BEGIN Given entries

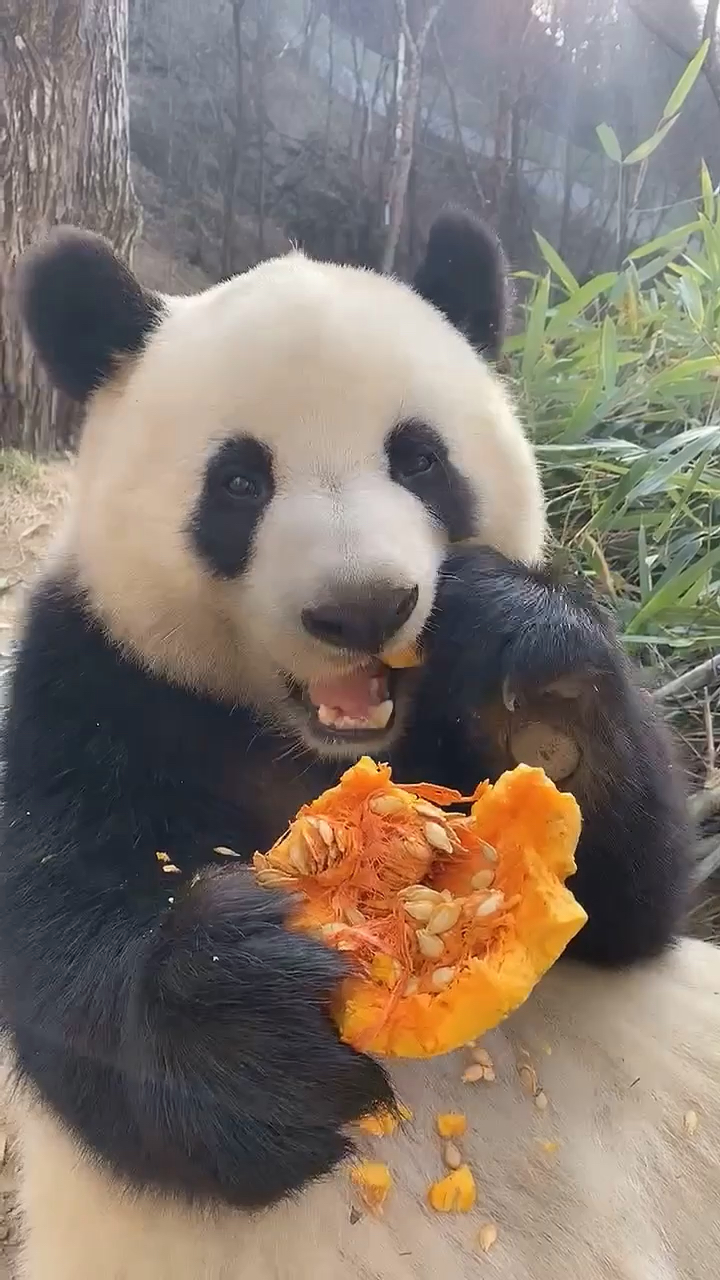 好香,熊猫吃南瓜像吃肉,非常的好吃呀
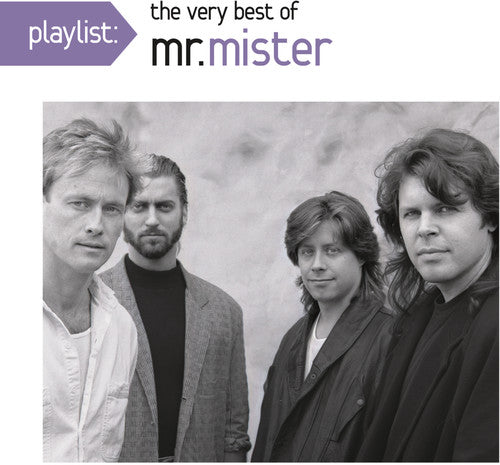 

CD диск Mr Mister: Playlist: The Very Best of Mr. Mister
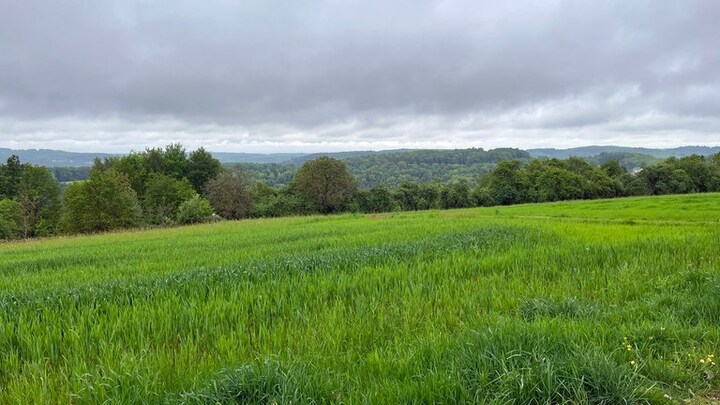 Ein Feld bei Geiselberg in der Südwestpfalz im Frühling bei Regen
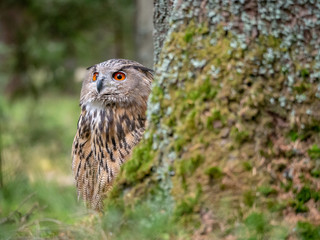 Eurasian eagle-owl (Bubo Bubo) in forest on the ground. Eurasian eagle owl sitting under the tree.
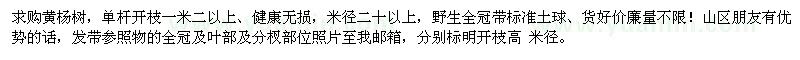 求購黃楊樹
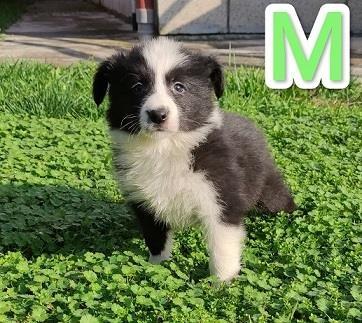 Border-koli-collie-štenci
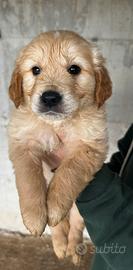 Cuccioli di golden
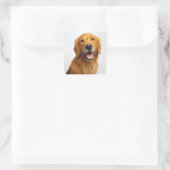 Golden Retriever Smile Vierkante Sticker (Tas)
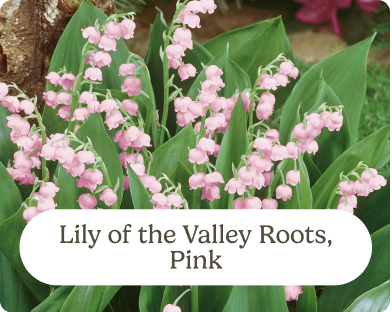 Lily of the Valley Roots, Pink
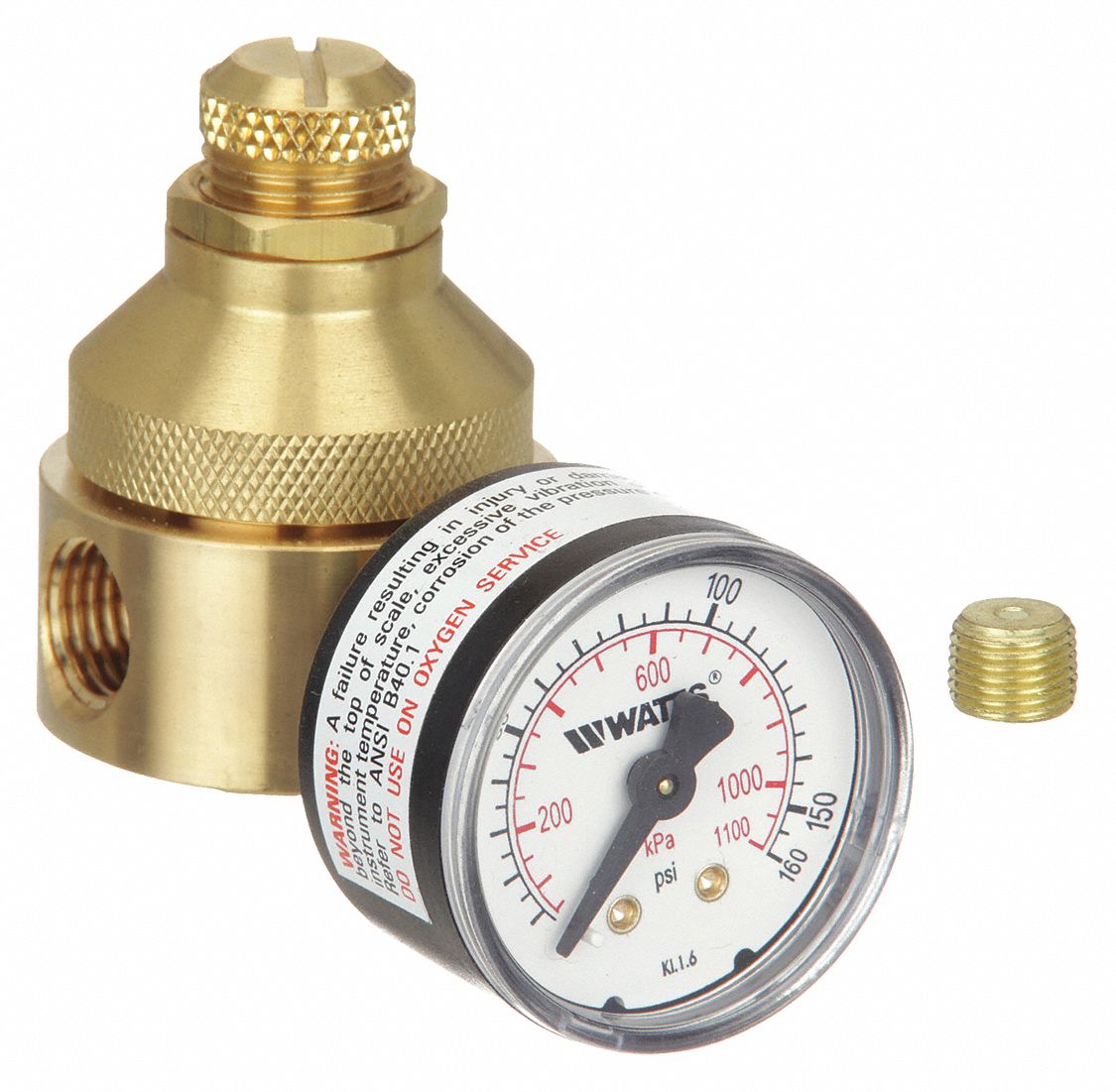 Watts 3G-OTH-439356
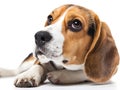 beautiful beagle dog isolated on white 3 Royalty Free Stock Photo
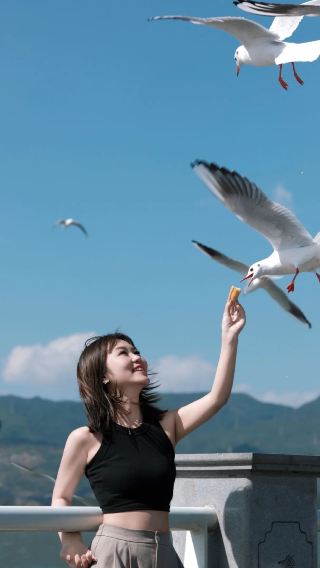 【純粋観光】西山風景区＋滇池＋撈魚河＋海晏村の夕日 ワンデーツアー 市内送迎付き
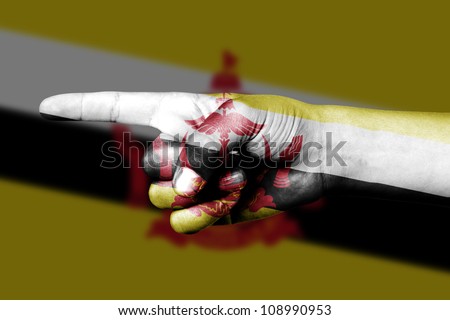 Human hand point with finger in Brunei national flag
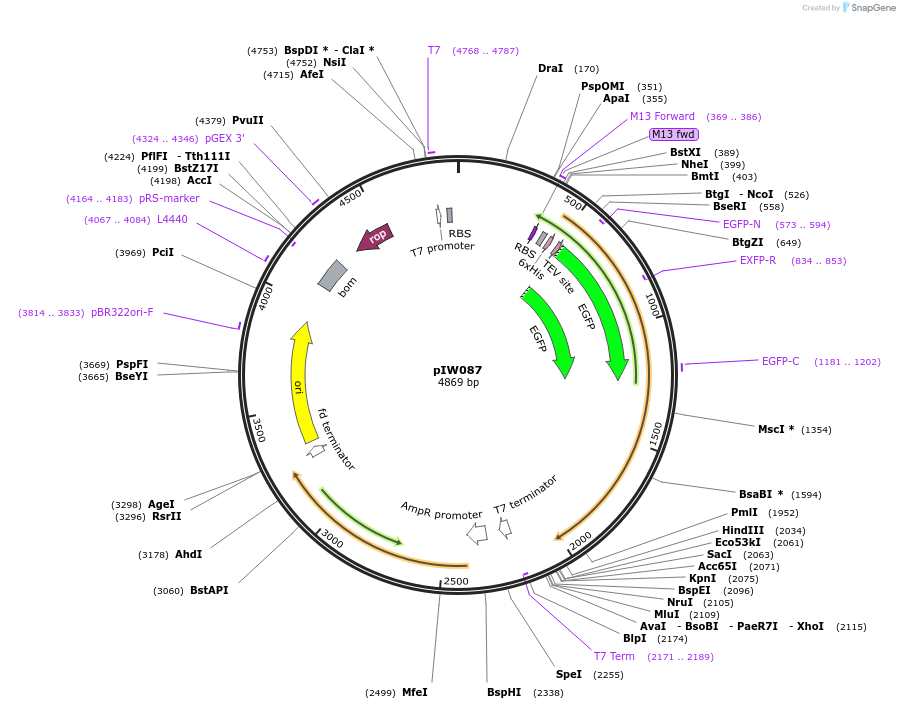 134128-plasmid-map-sequence-id-271199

END Given entries

# What needs to be done
Could you print the data exactly as it appears and keep the pictures out?

# Answer section
 好香,熊猫吃南瓜像吃肉,非常的好吃呀

CD диск Mr Mister: Playlist: The Very Best of Mr. Mister
 Ein Feld bei Geiselberg in der Südwestpfalz im Frühling bei Regen
 Eurasian eagle-owl (Bubo Bubo) in forest on the ground. Eurasian eagle owl sitting under the tree.
 求購黃楊樹
 Border-koli-collie-štenci
 Cuccioli di golden
 Golden Retriever Smile Vierkante Sticker (Tas)
 Lily of the Valley Roots, Pink
 Watts 3G-OTH-439356
 beautiful beagle dog isolated on white 3 Royalty Free Stock Photo
 【純粋観光】西山風景区＋滇池＋撈魚河＋海晏村の夕日 ワンデーツアー 市内送迎付き
 Human hand point with finger in Brunei national flag
 134128-plasmid-map-sequence-id-271199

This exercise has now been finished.